Ya know, I had written something in a poem (yeah I write them too) about not having a life before you get trapped by comfort and excess. Lately I've been thinking about that again. It's the constant nagging problem I'm having with J (my bud that owes me the money). It's sort of the more you have, the more you want problem. Now I live in a studio apartment. It's small, has a kitchen and a bathroom which aren't part of my main room. I like it. I'm not sure what I would do with a one bedroom because there would be extra space and I'd feel like I needed to buy a couch, dinner table, whatever. I kinda live lean and mean, with the exception that I keep buying cds, comics, books, and dvds. I don't make really good money at the shop, but I have enough to keep me supported (well thanks in part to the remaining money saved from an inheritance). The thought though that I'm actually kinda trapped bothered me. I am. This in some wierd way is comfort and excess. What would I do if I found myself homeless again? Freak completely. I refuse to be homeless a third time.

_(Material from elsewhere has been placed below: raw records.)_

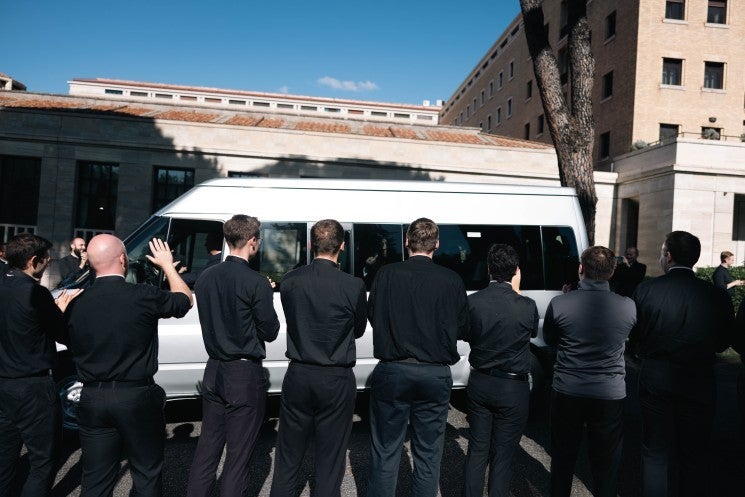 U.S. cardinals receive a sendoff from seminarians at the Pontifical North American College in Rome.
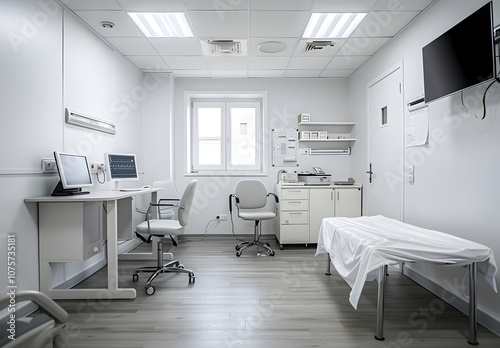 A clean, modern medical examination room with basic equipment and furnishings.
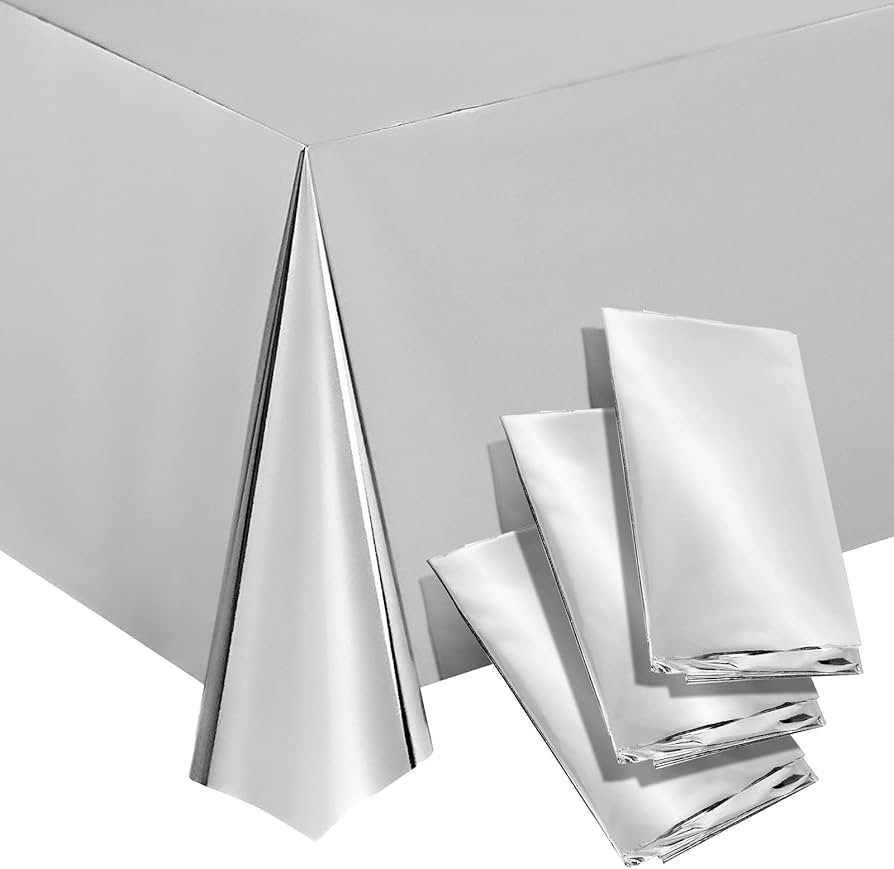 Juvale 3 Pack Plastic Table Cloths - Metallic Silver Plastic Tablecloth for Birthday Party Decora... | Amazon (US)
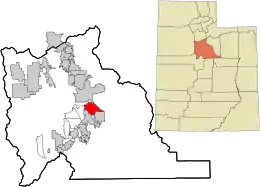 Location in Utah County and the state of Utah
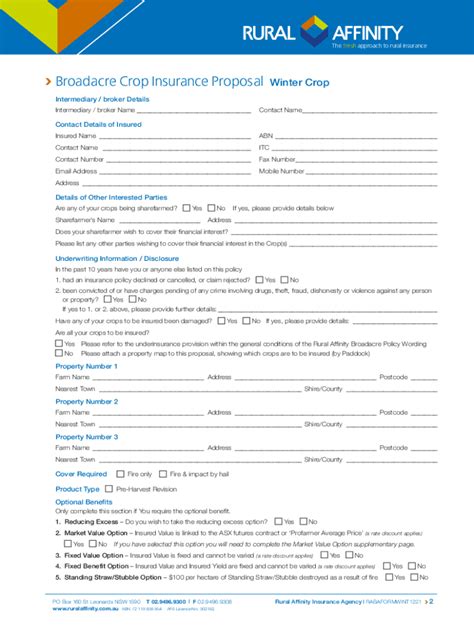 Fillable Online Broadacre Crop Proposal Ruralaffinity Au Fax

Just a word about that for a second here. My father died and I found myself suddenly without a place to live the first time. It took me over 6 months or more to find a place to live. There was the issue that I was working and not making much money at the theatre (I was a tech director). The inheritance from dad's estate was coming but no one knew when. I slept on couches a lot. I basically lived with my friend J who was renting a room from a mutal friend. Think I overstayed that welcome. Still, I eventually moved into a house with my friend Doll (thanks to a loan from my mom and my boss at the time). Second time was after I came back from New Orleans and that was really horrible. I slept in the attic of the coffee shop, sometimes slept at my friend Dan's (he had to sneak me in), sometimes slept in my car. Then I got a job in the "real work place" world. Now with more money, I was spending all my cash on food, gas, and hotel rooms. Ya know what? It makes you start to feel like you are less human than other people. You start to feel dirty whether you are or not because you have no place to go at the end of the day. You feel less than. It spiralled down from there and got really ugly but that's for another posting. Just saying, I know what I consider to be important because of all of this.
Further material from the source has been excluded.